Delta Flight Products (DFP), a subsidiary of US airline Delta, have revealed an exciting new seat concept that has the potential to revolutionise air travel for wheelchair users. The concept, showcased at the Aircraft Interiors Expo in Hamburg, Germany, has been hailed as a significant step towards total air travel inclusivity.
Delta Airlines have struggled to stay out of the news in recent months: from the ‘right-wing conspiracy theory’ espoused by one customer to Diplo’s offer of free drink vouchers for Delta customers, they’re doubtless grateful for the free press but — I would hazard a guess — have been looking for a more heavyweight unveiling to provide a much-needed boost to their somewhat volatile public image…
Enter Delta Flight Products (DFP), who have revealed a potentially revolutionary new seat design that could allow customers who are also wheelchair users to enjoy a much more comfortable and streamlined air travel experience which at present, regardless of airline, can be a complex and sometimes degrading process.
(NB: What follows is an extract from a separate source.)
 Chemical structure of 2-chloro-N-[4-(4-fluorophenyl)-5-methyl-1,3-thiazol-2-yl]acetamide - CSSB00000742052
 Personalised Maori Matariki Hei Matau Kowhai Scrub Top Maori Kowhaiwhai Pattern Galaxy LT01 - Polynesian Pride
WATCH: The new seat in action.
The groundbreaking design seamlessly converts from a traditional seat to a docking station for wheelchairs by folding up, allowing a wheelchair to be secured in place with ease. Importantly, this innovative concept can be installed into existing aircraft seat track systems, eliminating the need for any major structural modifications to the aircraft. This could allow for a quicker and more comprehensive rollout than historic designs.
Another key feature of the concept design is the ability for passengers to use their tray table when the seat is in wheelchair mode, which has hitherto been another obstacle to customers enjoying the full air travel experience. The seat’s central console, which houses the tray table, automatically adjusts to the appropriate height when the seat conversion takes place, ensuring a seamless transition and full functionality.
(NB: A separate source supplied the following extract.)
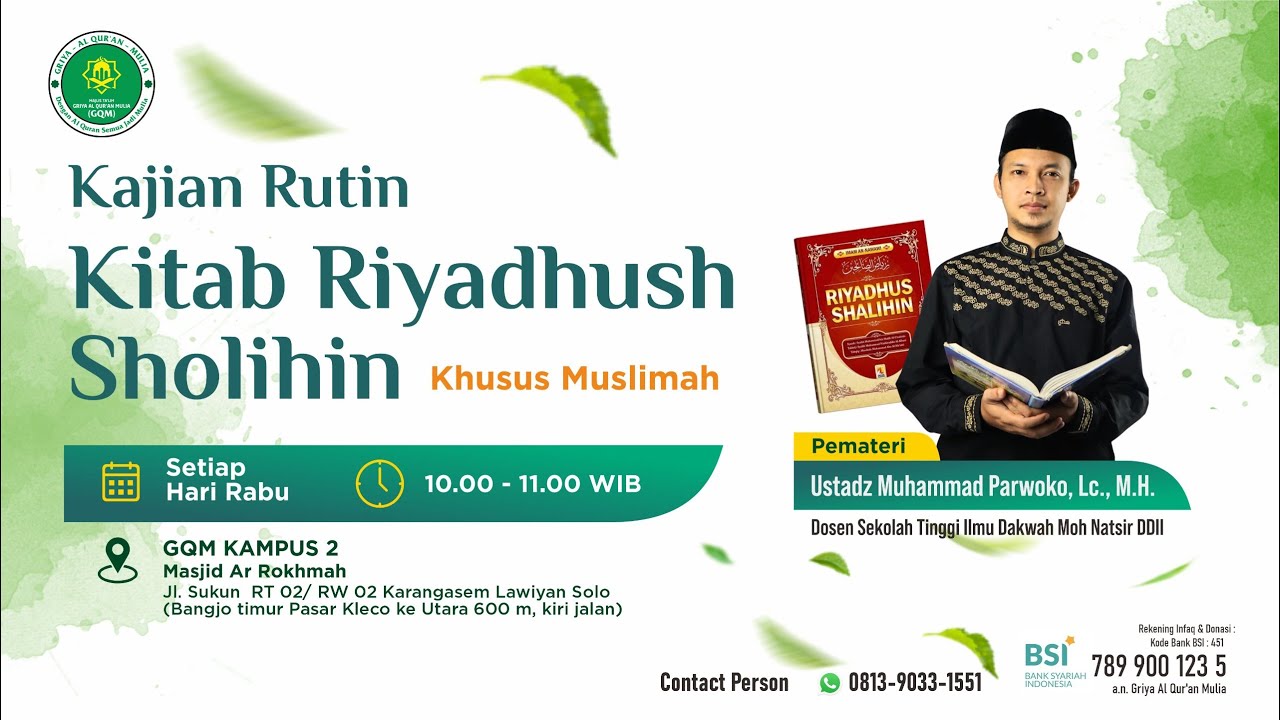 Kitab Riyadush Sholihin | Hadits ke-30 | Ustadz Muhammad Parwoko, Lc., M.H.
Cory Lee, a committed traveller and powered wheelchair user, expressed his excitement about the new concept. Lee, who has visited no less than forty-three countries, described air travel as “tremendously difficult” for wheelchair users. The inability to bring powered chairs onboard often forces customers to rely on airport-owned non-electric wheelchairs, limiting their agency and independence. On top of this, the transfer process from wheelchair to aeroplane seat risks simultaneously harming the user and damaging their wheelchair.
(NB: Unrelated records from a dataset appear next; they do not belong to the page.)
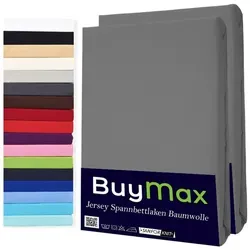 Buymax Spannbettlaken 2-er Set, Jersey 100% Baumwolle - Bettlaken-Set für Matratzen bis 25 cm Höhe, mit rundum Gummizug für perfekten Sitz. Waschbar bis 60°C, pflegeleicht und in elegantem Anthrazitgrau.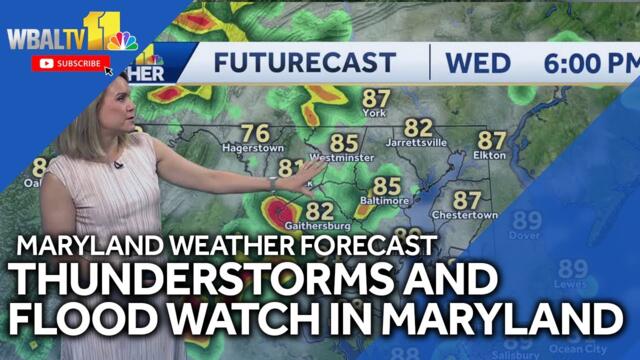 Scattered, heavy thunderstorms this evening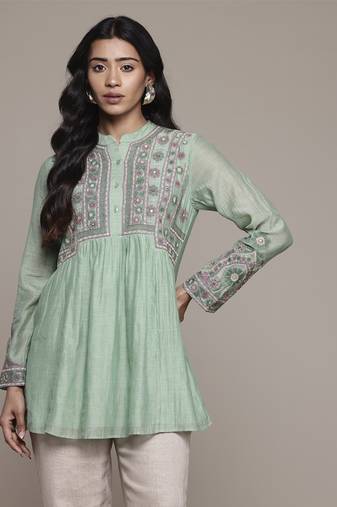 Green dharohar kurti by ritu kumar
The design is the result of an ongoing collaboration between DFP and UK-based consortium Air4All, the latter of which is comprised of renowned aviation design company PriestmanGoode — who were instrumental to SWISS’ recent makeover — advocacy group Flying Disabled, aerospace company SWS Certification, and wheelchair design company Sunrise Medical, who ensured that the design incorporated invaluable feedback from the disabled community.
DFP’s prototype has generated genuine enthusiasm among industry insiders and wheelchair users alike. Once various rounds of testing are complete and airlines agree to speedy adoption of the design, the concept could be available for commercial use within the next eighteen months. However, there are still vast challenges to be overcome in order to make air travel fully accessible for all, including the long-debated issue of accessible bathrooms on planes.
All in all, this concept takes us one step closer to the ultimate destination: total air travel inclusivity. While there are still obstacles on the horizon that should not be underestimated, it’s time to buckle up — change is taking flight.